YOUR GOAL
Below is a set of records. Repeat them verbatim without the pictures.

INPUT
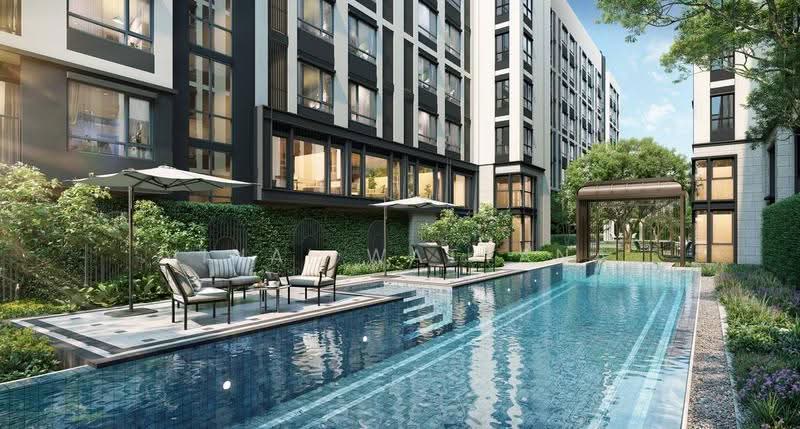 So Origin Sukhumvit 105 : โซ ออริจิ้น สุขุมวิท 105, กรุงเทพ, ถนนสุขุมวิท 105, บางนา, กรุงเทพ, 35 ตร.ม., คอนโด ขาย, โดย Vinai Wattana, 500589176 - DDproperty.com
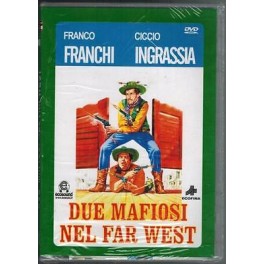 DVD DUE MAFIOSI NEL FAR WEST-8031227002418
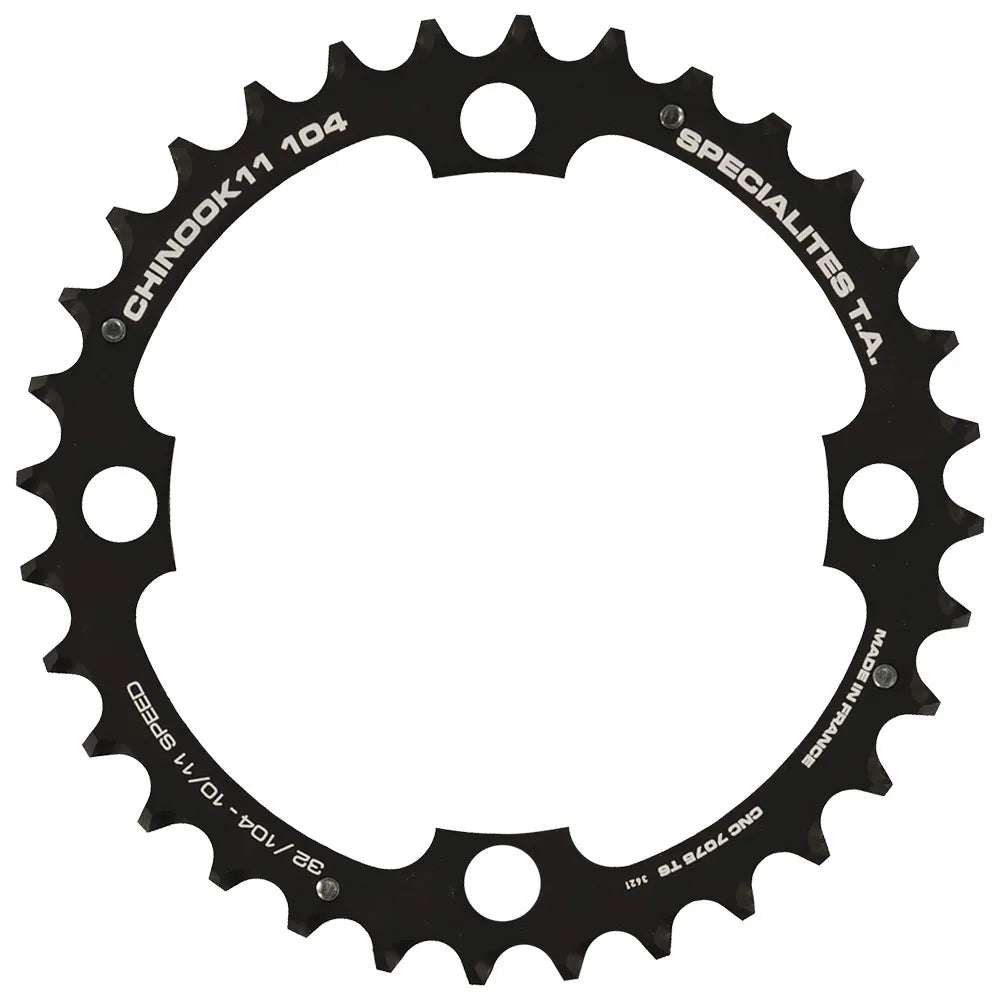 Specialites TA 4B Intermediate 104 BCD chainring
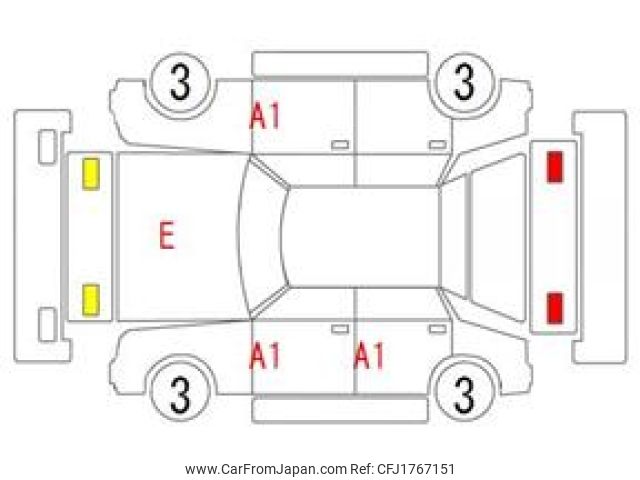 nissan note 2017 CFJ1767151 image 2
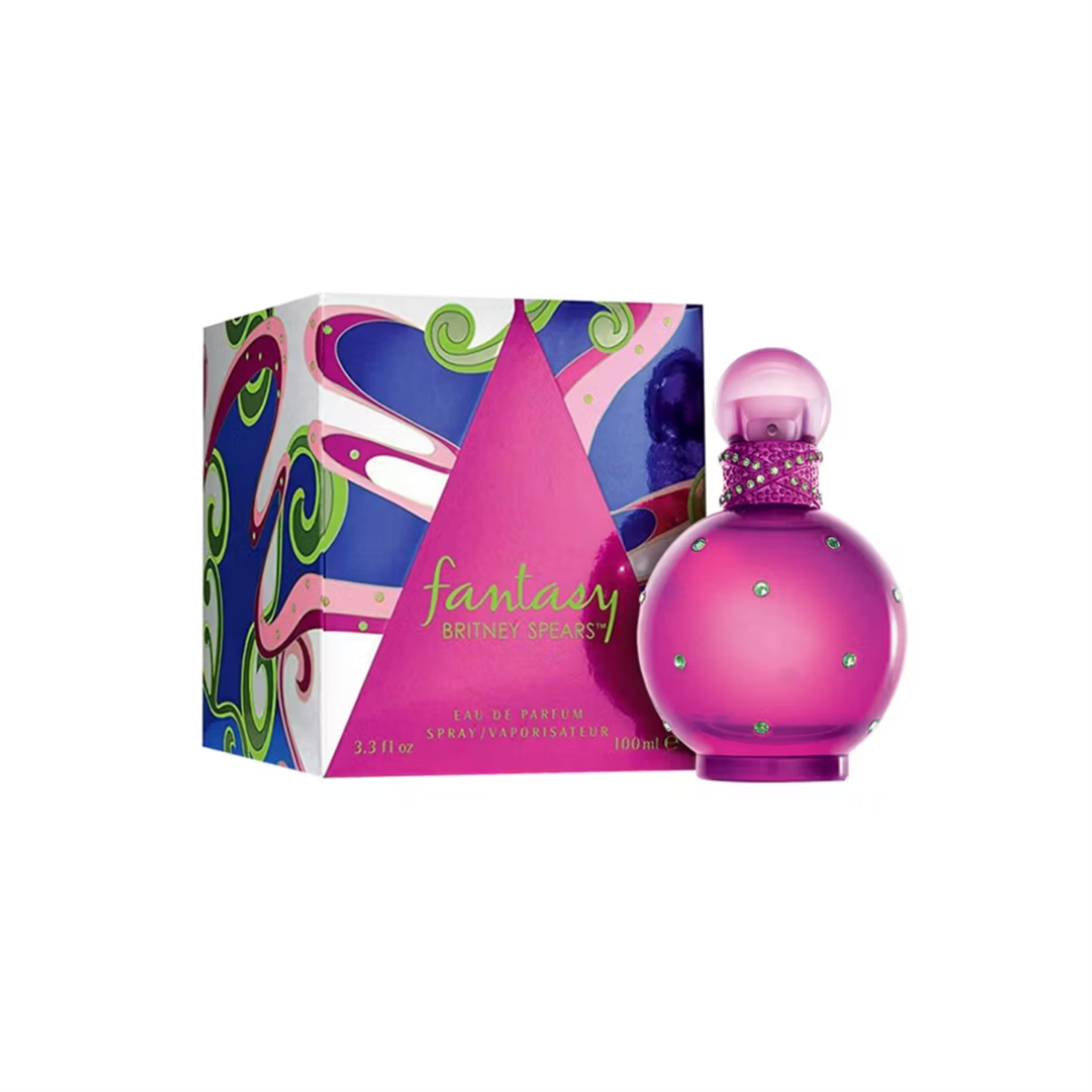 Britney Spears Fantasy EDP 100 ml - Mujer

ANSWER
 So Origin Sukhumvit 105 : โซ ออริจิ้น สุขุมวิท 105, กรุงเทพ, ถนนสุขุมวิท 105, บางนา, กรุงเทพ, 35 ตร.ม., คอนโด ขาย, โดย Vinai Wattana, 500589176 - DDproperty.com
 DVD DUE MAFIOSI NEL FAR WEST-8031227002418
 Specialites TA 4B Intermediate 104 BCD chainring
 nissan note 2017 CFJ1767151 image 2
 Britney Spears Fantasy EDP 100 ml - Mujer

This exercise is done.